С главным редактором «Гранита науки» во время интервью

— Владимир Анатольевич, а какие работы ведутся у вас помимо словарной тематики?

— Это, в первую очередь, направление, связанное с интеллектуальной обработкой языка. Когнитивная лингвистика, лингвистическая концептография, экстракция знаний из естественноязыковых текстов. Недавно у нас была защищена исключительно интересная докторская диссертация Ларисы Леонидовны Шевченко на тему системной концептографии Святого Письма.  Ну и, кроме этого, исследования в области общей эволюционной теории, которыми я занимаюсь лично.

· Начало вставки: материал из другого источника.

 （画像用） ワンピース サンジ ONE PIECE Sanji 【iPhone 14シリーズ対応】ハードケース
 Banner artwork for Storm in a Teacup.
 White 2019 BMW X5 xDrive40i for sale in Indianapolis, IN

Как вы знаете, сейчас во всём мире интенсифицировались исследования и разработки в области искусственного интеллекта. В то же время, крепнет убеждение, что интеллект и язык вообще неразрывно связаны. Недаром Рей Курцвайль – главный специалист компании Google в области искусственного интеллекта — одновременно является и главным консультантом в области natural language processing. Мною еще в 2004 году в книге «Феноменология лексикографических систем» было сформулировано определение интеллекта как формы индивидуализации систем, обладающей языковым статусом. По моему убеждению, языковой статус является необходимым условием интеллекта. Это означает, что если система обладает интеллектом, то ей обязательно присущ и какой-то языковой статус. Поэтому мы занимаемся созданием моделей и систем, связанных с интеллектуальной обработкой текстов. В частности, это вопросы лингвистических экспертиз, в том числе и текстов законодательной и нормативно-правовой базы. У нас имеются примеры применения разработанных инструментов интеллектуального анализа для целей экспертизы. Но о них я предпочёл бы умолчать, поскольку все наши попытки убедить руководство страны в необходимости применения этих инструментов в законодательной и правоприменительной практике до сих пор успеха не имели. Увы!

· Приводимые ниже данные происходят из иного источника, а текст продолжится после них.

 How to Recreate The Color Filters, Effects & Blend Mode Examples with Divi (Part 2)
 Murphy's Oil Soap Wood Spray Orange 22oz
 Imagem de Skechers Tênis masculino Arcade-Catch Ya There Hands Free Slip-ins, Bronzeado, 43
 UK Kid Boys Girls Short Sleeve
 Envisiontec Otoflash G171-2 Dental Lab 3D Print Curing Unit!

Хотел бы подчеркнуть, что, по моему мнению, у нас в стране происходит недооценка, а точнее искаженная оценка роли языка в современном мире. Поэтому руководство страны при разработке мер по укреплению статуса украинского языка как государственного делает акцент на бюрократических и полицейских мерах, пренебрегая научно-техническими. Учитывая масштабы, которые приобрела во всём мире интеллектуализация информационных технологий и связанная с ней интенсификация исследований и разработок в области лингвистических технологий, такая ошибочная позиция может привести к стратегическим просчётам. Особенно учитывая многочисленные прогнозы, связанные с возможной технологической сингулярностью, а также всё громче звучащие эсхатологические концепции трансгуманизма и тому подобное. Как писал в своё время Джон Донн: «…не спрашивай, по ком звонит колокол: он звонит по Тебе».